The young man was the son of a farmer who grew up like most people in China, in a rural agrarian province.
But he was able to pursue an education, and eventually he got a job at a library.
His name was Mao Zedong.
He was a library assistant at Peking University.
Wow, a library assistant at Peking University. Wow, a library assistant?
Library assistant who was like bunking with, you know,
a few other guys, you know, in a small apartment.
Wow.
Mao would eventually become the leader of China's Communist Party
and dictator from 1949 to his death in 1976.
But during those revolutionary years of the early 20th century,
when a Chinese nationalist fever had taken over the country,
he was a humble, quiet library worker.
Mao was actually not at the center of this revolutionary ferment.
And at the time, he saw this incredible, these revolutionary leaders
who were these thought leaders who were at the front lines of these incredibly progressive ideas. He would write these passionate letters to them supporting their cause.
Dear Mr. Hikuro Toten, we have long admired your integrity, but regret not having the privilege
of your acquaintance. Even at this great distance, your reputation is enough to inspire us.
He wasn't able to participate at the core,
but only cheer from the sidelines. Your lofty friendship reaches as high as the sun and moon.
Your sincerity moves gods and spirits. Both are rare in this world, in the past as well today.
We long to have an opportunity to meet you, to learn deportments, and receive instruction from you.
Mao Zedong.
Mao wouldn't stay on the sidelines forever.
By the late 1920s, he'd returned to his home province in south-central China
and develop his career as an armed revolutionary.
But that experience as a library assistant in the city
got him thinking about the challenge of modernizing experience as a library assistant in the city got him thinking about
the challenge of modernizing Chinese as a language.
You know that in Yang Mao's mind, that was planted, right?
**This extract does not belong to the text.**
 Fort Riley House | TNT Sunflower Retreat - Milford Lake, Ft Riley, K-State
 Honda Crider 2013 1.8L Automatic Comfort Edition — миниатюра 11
To truly modernize China,
to lead China into its modern destiny, it had to do something about its language. The tumult in China came to a head in the 1930s and 1940s,
a time when most people in the country experienced
incredible amounts of hardship. First, a civil war between nationalists and communists.
Then, the Japanese invasion and occupation, during which millions of people were killed,
displaced, or tortured. Then, after the Japanese were defeated, another bloody civil war. Out of the ashes of these two decades of tragedy emerged the winner,
the Chinese Communist Party.
So in 1949, China, for the first time in the 20th century,
was united under one government.
Under the People's Republic of China, the country's power structures were centralized.
Land was redistributed from the wealthy to the poor, and a massive education program was established.
For the communists, you know, this was really important because literacy proved to be the key
to winning the hearts and minds of the Chinese.
By this time, that library assistant, Mao Zedong,
had become the chairman of the Chinese Communist Party,
basically China's de facto leader.
He believed that organizing and empowering the country's peasant class
was key to creating a strong Chinese state.
He knew how to mobilize the masses.
He knew how to mobilize China's vast peasantry.
China was basically an agrarian society.
Mao's power base were the peasants.
So how did he mobilize them?
Well, the communist comrades would go down to the countryside.
They worked along the peasants.
They taught them folk songs.
You know, they taught them basic literacy.
So they were through this working with them day in, day out.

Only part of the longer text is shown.